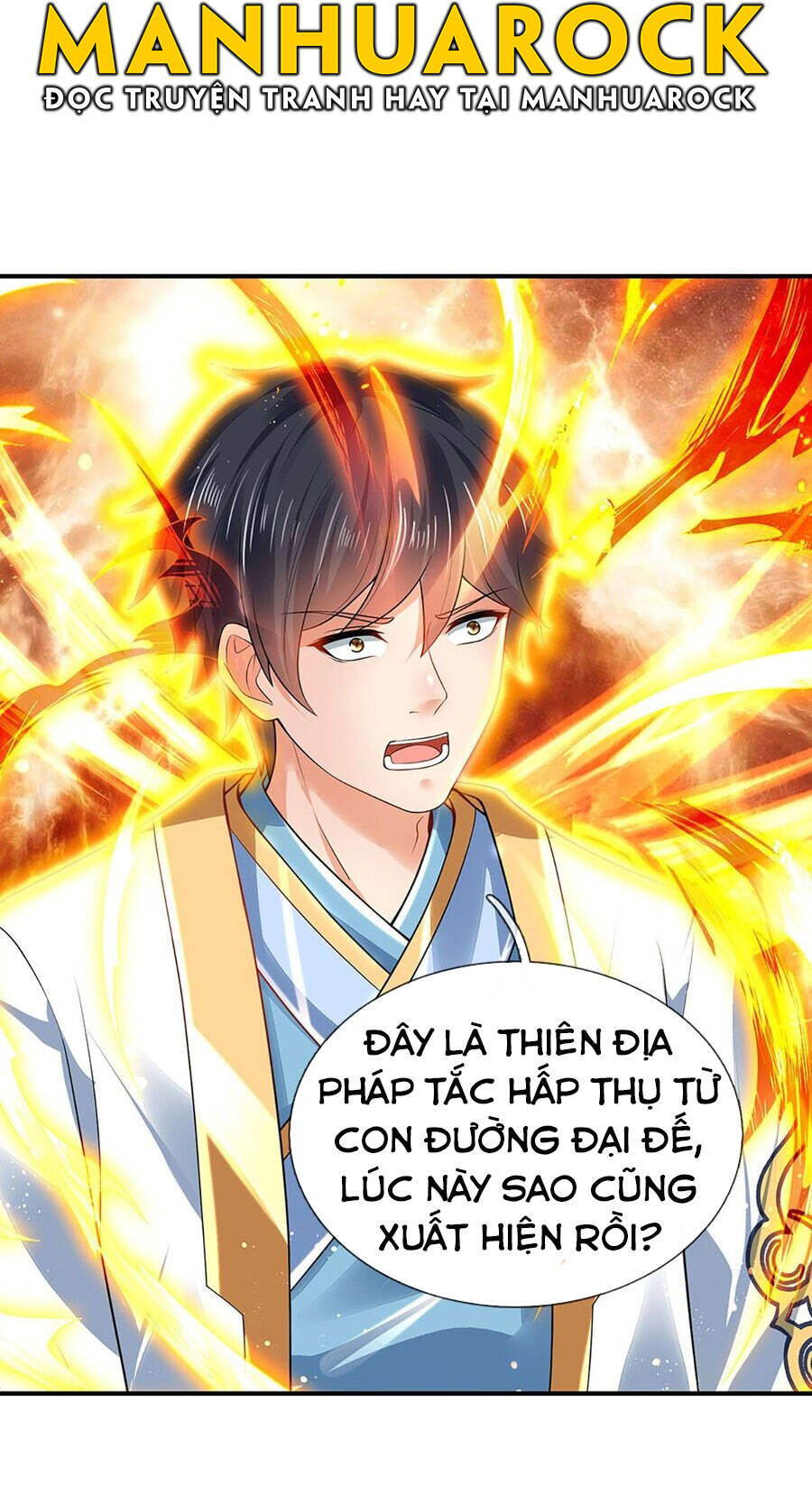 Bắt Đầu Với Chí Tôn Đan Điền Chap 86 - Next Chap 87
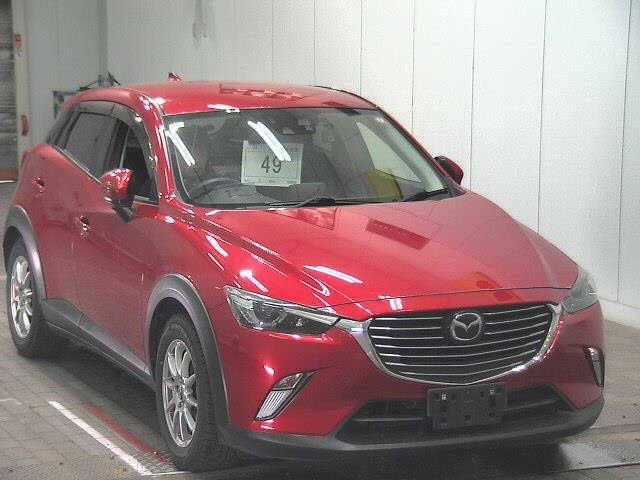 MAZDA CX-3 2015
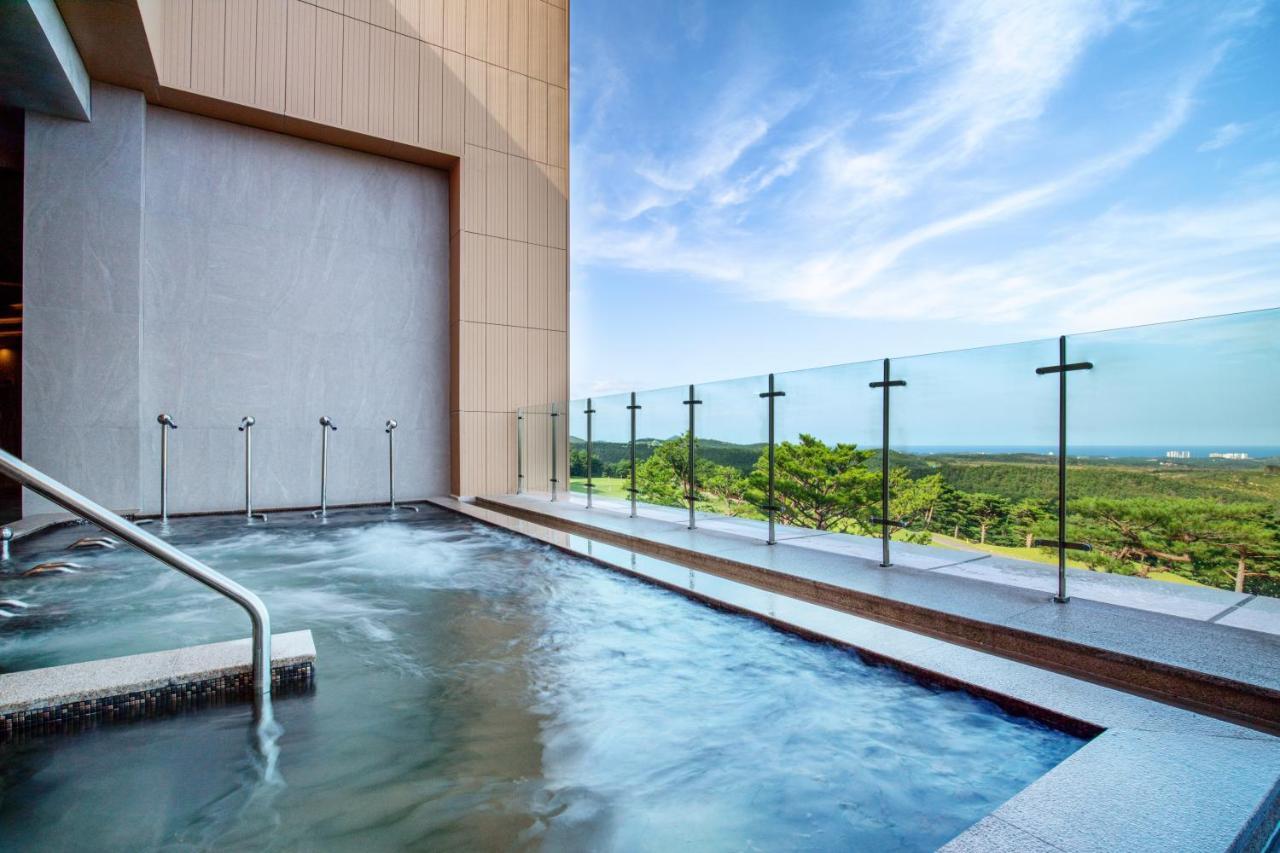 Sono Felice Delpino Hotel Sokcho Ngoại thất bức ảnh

Work request - Word-for-word transcript, pictures excluded: copy all the material above.

Written reply -
 Bắt Đầu Với Chí Tôn Đan Điền Chap 86 - Next Chap 87
 MAZDA CX-3 2015
 Sono Felice Delpino Hotel Sokcho Ngoại thất bức ảnh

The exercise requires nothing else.